«De Bellum luce»
Sólo la mayoría del PP dará estabilidad a la derecha
Yo estoy más con los que creen que pensar que puede domesticarse a Vox dentro de un Gobierno ignora que su aspiración es disputarle la hegemonía al PP, y que, por eso, la estabilidad no depende de exhortaciones al diálogo, sino de una mayoría clara
No se ajusta en nada a la realidad política esa apelación retórica al entendimiento entre PP y Vox, como si se tratara de una fórmula natural de estabilidad, que se ha puesto de moda tras las elecciones en Aragón. La experiencia autonómica reciente ya ha demostrado que no estamos ante un socio dispuesto a someterse a una disciplina institucional ni a sostener un proyecto compartido.
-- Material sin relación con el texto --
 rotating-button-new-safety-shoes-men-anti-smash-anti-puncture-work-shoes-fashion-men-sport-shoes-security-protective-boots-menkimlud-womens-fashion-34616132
Vox aspira a sustituir al PP, y su única lógica es crecer a costa del PP y tensionar cada posible acuerdo para marcar territorio propio.
La fragmentación del centro derecha es hoy un problema en el ámbito autonómico, y también lo será, más grave, si se traslada a las próximas elecciones generales. No ya por una cuestión de pugna por el relato o de pulso partidista, sino por pura mecánica institucional.
El mal gobierno de la coalición progresista se repetirá en la derecha si se ve obligada a convivir en una coalición imposible, ya sea de nuevo en las autonomías o en el desempeño de la gestión de Moncloa. Claro que las peleas serán por otras cuestiones programáticas, con otros protagonistas, pero el ruido acabará siendo muy parecido. Y habrá más energías dedicadas a sostener equilibrios internos, a dejar mal al competidor o a quitarle medallas que a multiplicar la eficacia de la gestión conjunta. Las comunidades gestionan Sanidad, Educación, Servicios Sociales y buena parte de la política fiscal, por ejemplo. Son competencias sensibles, con impacto inmediato y que no rinden con la eficacia que deberían a favor de los ciudadanos cuando están sometidas a pulsos internos. Ya lo hemos vivido. Tampoco es difícil imaginar lo que ocurriría a la hora de fijar la posición exterior del país, negociar en Bruselas o definir la estrategia de inmigración en un gobierno PP-Vox, salvo que la parte complementaria, el partido de Abascal, renuncie a buena parte de su programa. Inviable, y lo saben.
Aquellos que teorizan sobre el acuerdo en la derecha obvian que el crecimiento electoral de Vox no institucionaliza a este partido ni lo integra automáticamente en una lógica de estabilidad. Y esa estabilidad es imprescindible para que un Gobierno de Feijóo tenga una mínima oportunidad de resistir a la embestida de la izquierda y del independentismo. Bienaventurados los que tienen fe en los milagros, yo estoy más con los que creen que pensar que puede domesticarse a Vox dentro de un Gobierno ignora que su aspiración es disputarle la hegemonía al PP, y que, por eso, la estabilidad no depende de exhortaciones al diálogo, sino de una mayoría clara.